It’s never easy to fire someone but it’s sometimes necessary. Here’s how to do it the right way.
Nothing slows down a startup like bad hiring – expect when you keep those bad hires around for longer than you should. Without a doubt, the hardest part of building a startup is people. More specifically, it’s firing employees who aren’t performing.
When it comes to people, some just interview really well – they say all of the right things, present a great personality and have glowing references. But a few weeks after they start, you realize you’ve made a mistake and that they aren’t performing anywhere near what you expected.
At this point, most founders would sit them down and fire them straight away. That, however, is the completely wrong approach – unless you want to anger them and give them a reason to retaliate. The key to firing lies in 4 main principles, which are explained below.
First, an employee should see it coming. It never, ever makes sense to fire someone on the spot – unless they’ve done something illegal. An employee should always know in advance that being let go is a real possibility if they don’t improve.

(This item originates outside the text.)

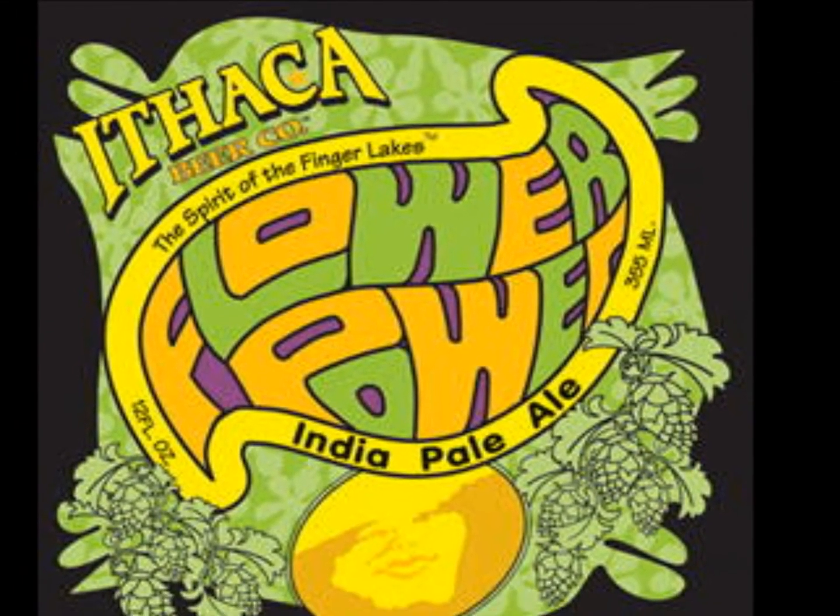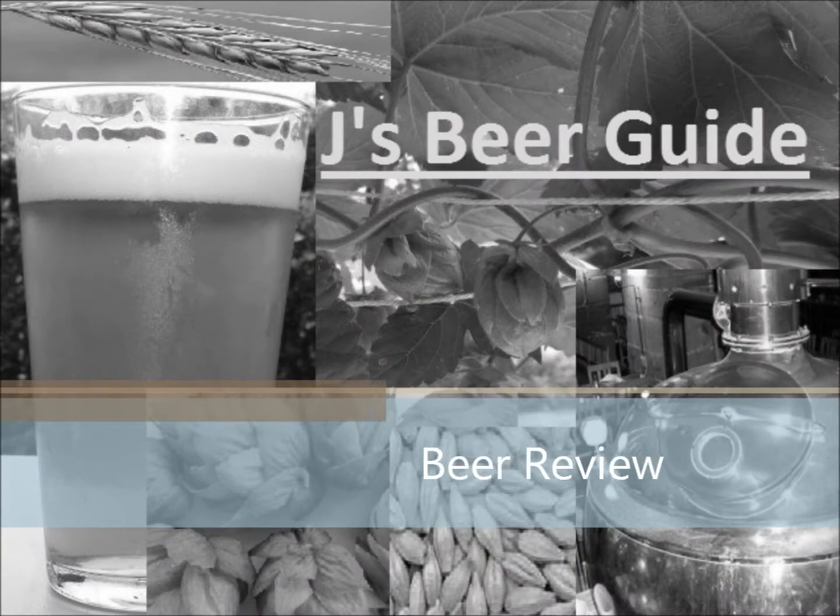Jay here. Tonight's beer review is on Ithaca's Flower Power.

Second, they should be given a chance to improve. They need to know exactly what you expect of them and should agree to meet that one key, measurable goal within a specific time period.
Third, their ego should never be damaged. If they can’t improve, you need to put yourself in their shoes and help them transition out of the role, without hurting their ego. Remember, most people can find a new job, but they have to break the bad news to their partner, kids and friends.
Assuming their termination is performance related, you should help them with the transition so they’re back on their feet as quickly as possible.
If they tried their best but simply couldn’t perform, it may just mean they weren’t right for that specific role, so you can help ease the transition out of your startup in a few ways:
- A reference letter / LinkedIn recommendation
- Reaching out to your network and referring them for open positions
- Offering 1-4 weeks severance so they have time to interview and find a new role
Fourth, you should never lie to your other employees about why the person was fired. Be brief, but make it clear they were fired for performance reasons.
This helps set a culture based on performance, not politics or tenure. This is one of the foundational elements all startups use to drive continual performance.
Always communicate the firing to your team and give the person who was fired a chance to say goodbye to their colleagues. If they are a genuinely great person that just couldn’t perform, also consider farewell drinks or a lunch for them, especially if they’ve been around for a while.